# My new betta



## jbrown5217 (Nov 9, 2011)

So I lost 3 ghost shrimp over break and my 2.5 gallon is lacking some color, so I decided to get a betta. She seems to leave my remaining two shrimp alone, but even if she decided they were a snack i'd be okay with that too as they are sold as feeder shrimp at my lfs back home. I really liked her color which is why I chose her, she is also quite active swimming all over the tank and nibbling on java moss. Pics below.









Also my sister will be getting a betta sometime this summer and there would be a .00000000000000000000000000000000000001% chance I would try to breed them (she wants a male). It is a nice thought at least.


----------



## jschwabe5 (Nov 26, 2011)

nice color !


----------



## Rob72 (Apr 2, 2011)

cool betta Jon


----------



## mbrown2642 (Mar 15, 2012)

She is such a pretty girl. Congrats


----------



## Summer (Oct 3, 2011)

very pretty!!! keep in mind for the . 00000000001% chance, that they have around 300 babies, that eventually need to be individually jarred/tanked, fed, waterchanged, heated, etc. etc.


----------



## jbrown5217 (Nov 9, 2011)

Summer said:


> very pretty!!! keep in mind for the . 00000000001% chance, that they have around 300 babies, that eventually need to be individually jarred/tanked, fed, waterchanged, heated, etc. etc.


Yep I was aware that is the reason for the .00000000001%. It is more of a not likely, but in the event I have the resources why not.

Thank you all for the kind comments I have really been enjoying her actions in the short amount of time I have had her.


----------



## snail (Aug 6, 2010)

Aw, she's pretty.


----------



## majerah1 (Oct 29, 2010)

Jon darlin,can you get me a nice side shot of that fish,try with the fins down,pretty please with a cookie on top?


----------



## jbrown5217 (Nov 9, 2011)

I will try my best, bev, but I am bad at taking pictures lol.


----------



## jbrown5217 (Nov 9, 2011)

I got a pick for you bev 










Also she killed and eated one of my two remaining ghosties. I think i'll move the other one into my 10 gallon if I find him, as well as my assasin snail.


----------



## snail (Aug 6, 2010)

We'll see who finds him first!

Lovely fish.


----------



## majerah1 (Oct 29, 2010)

Thanks 

From some of the other pics the ventrals and the tip on the anal fin looked longer so it looked alot like a male haha!


----------



## jbrown5217 (Nov 9, 2011)

Ok so it is a she, whew lol. Anyway, I found the other ghosty first and he is now safe in the 10 gallon.


----------



## Stinky (Jun 18, 2009)

Curious that the only times I've seen bettas eat ghost shrimp they were female. I think they get more bored since only the males go around flaring at their reflections in the glass. Or it was just coincidence, who knows.


----------



## snail (Aug 6, 2010)

Females are usually faster than males too because they don't have the long fins.


----------



## Stinky (Jun 18, 2009)

snail said:


> Females are usually faster than males too because they don't have the long fins.

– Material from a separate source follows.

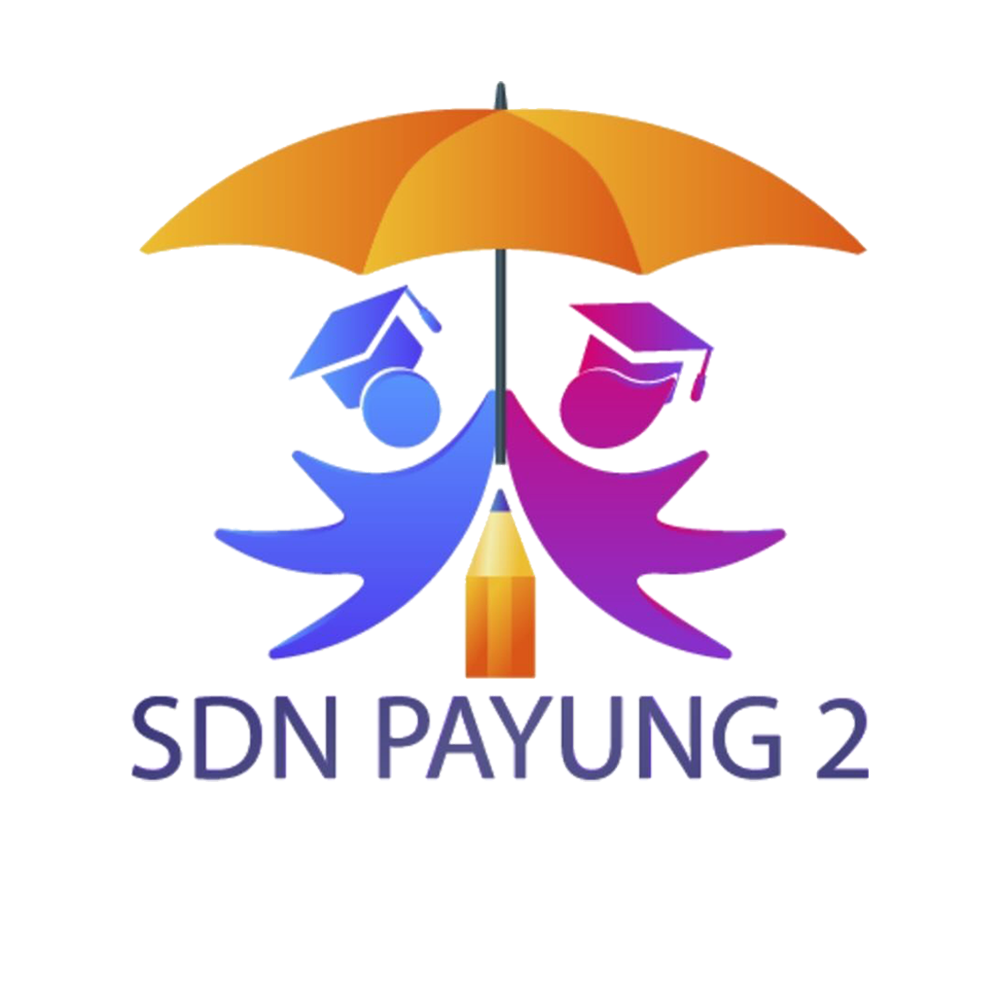 SDN Payung II SDN Payung II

That could be it, then maybe plakat males would do the same.


----------



## majerah1 (Oct 29, 2010)

Yes plakat males are just as fast as females and Ive had them snatch shrimp up as soon as they hit the water.


----------



## jbrown5217 (Nov 9, 2011)

Honestly I am just surprised I found a plakat at petsmart (I wasn't looking for any specific breed). I didn't know it at the time and they certainly didn't have any males.


----------